[RAW DATA]:
────────────────

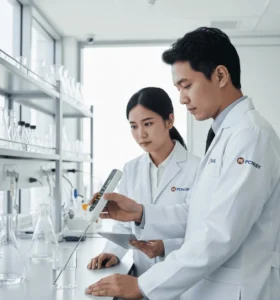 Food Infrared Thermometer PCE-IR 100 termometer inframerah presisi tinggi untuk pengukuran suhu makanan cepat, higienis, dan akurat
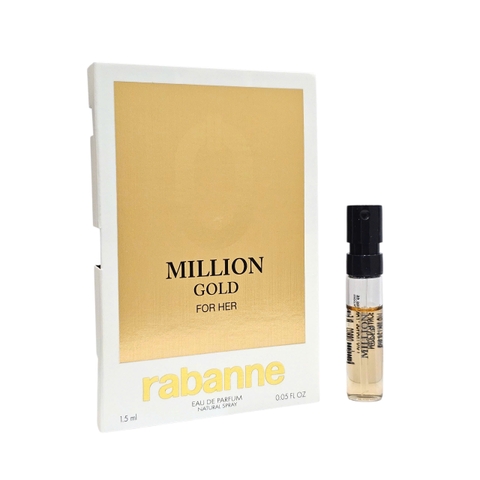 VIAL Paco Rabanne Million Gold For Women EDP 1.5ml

────────────────

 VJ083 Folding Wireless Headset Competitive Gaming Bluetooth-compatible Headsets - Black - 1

────────────────

[PROBLEM TO SOLVE]:
Within the listing above, print exactly the stretch beginning at the line that contains "Food Infrared Thermometer" and finishing at the line that contains "VIAL Paco Rabanne", ends kept, pictures left out, and nothing more.

[TASK OUTPUT]:
 Food Infrared Thermometer PCE-IR 100 termometer inframerah presisi tinggi untuk pengukuran suhu makanan cepat, higienis, dan akurat
 VIAL Paco Rabanne Million Gold For Women EDP 1.5ml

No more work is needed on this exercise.